Si el primer acto lo presidía la despreocupada calma, este segundo lo preside la incertidumbre ante un futuro caracterizado por el declive de las democracias parlamentarias y el auge de los totalitarismos de uno y otro siglo. Tensión que se percibe, a veces de forma implícita y otras de forma más directa en los recuerdos de Schulze. Una tensión que irá creciendo hasta llegar a donde todos sabemos. Y durante esa etapa de incertidumbres, de dudas, de tensiones, aparecen reflexiones sobre literatura, derecho, arquitectura e incluso hay alguna referencia cinematográfica como la alusión a la película El gabinete del doctor Caligari, donde se puede contemplar a un jovencísimo Conrad Veidt (el inolvidable mayor Strasser en Casablanca) en uno de tantos roles tétricos y siniestros que interpretó durante la etapa del cine mudo.
Epílogo que no es.
En unas breves páginas finales, se da a conocer al lector el destino de muchos de los personajes que han hecho acto de aparición en el amplio fresco dramático. Final triste en unos casos, no tanto en otros. No deja de ser curioso que haya cierta melancolía en estas últimas páginas que, además, concluyen de forma abrupta con una noticia que supone un auténtico cliffhanger, quizá porque ello permitirá al lector volver a reencontrarse en el futuro con Volker Schulze. Ojalá.

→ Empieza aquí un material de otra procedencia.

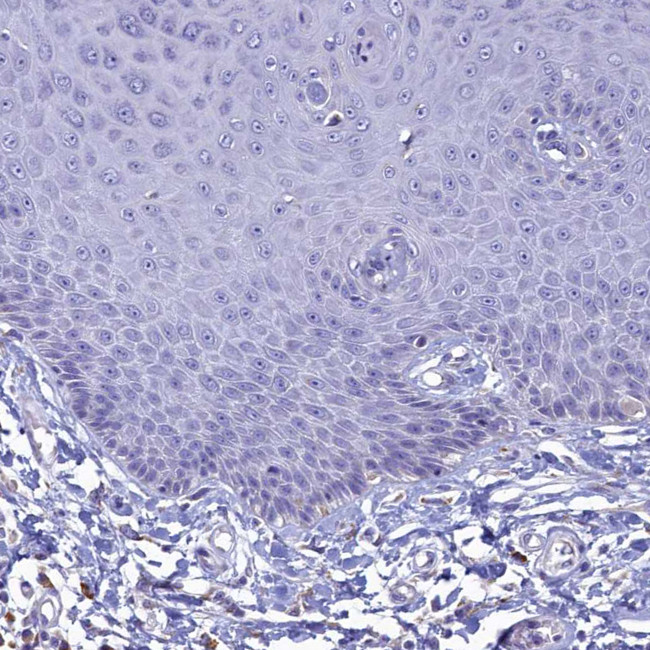 GIF Antibody in Immunohistochemistry (IHC)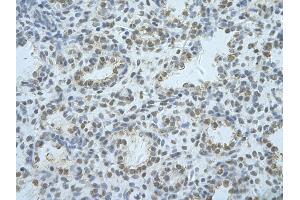 Rabbit Anti-HNRNPF Antibody       Paraffin Embedded Tissue:  Human alveolar cell   Cellular Data:  Epithelial cells of renal tubule  Antibody Concentration:   4. (HNRNPF anticorps  (C-Term))
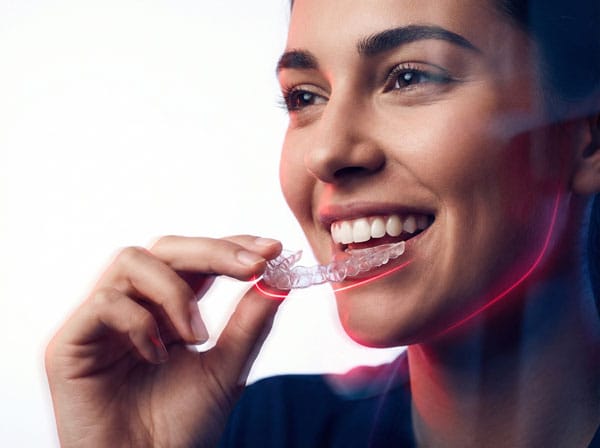 Invisalign Aligner Behandlung – KFO Heidelberg & Dossenheim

Para el jurista práctico inmerso diariamente en el manejo de sentencias, autos, decretos, diligencias de ordenación insertos en procesos declarativos, recursos, ejecuciones, monitorios, cambiarios donde uno se ve obligado a manejar directivas, leyes y reglamentos estatales y autonómicos, ordenanzas y bandos, estas páginas suponen un refugio temporal que le permite abstraerse de la realidad cotidiana y volver a un tiempo y a unos lugares que, aun cuando cronológicamente no muy distantes, desde el punto de vista social y tecnológico están a años luz de distancia aunque, lamentablemente, como se ha podido comprobar, muchos de los problemas de hace un siglo permanecen en la actualidad. Da la impresión que nos encontramos ante una especie de eterno retorno, sensación que se aviva, además, si uno acomete la lectura de esta obra justo después 1923. El golpe de estado que cambió la historia de España, el magnífico estudio debido a Roberto Villa García.
En resumen, una magnífica novela donde Francisco Sosa Wagner vuelve a acreditar que, además de un gran jurista, es un magnífico escritor y un excelente contador de historias. Esperemos que en breve regrese al mercado editorial con otra.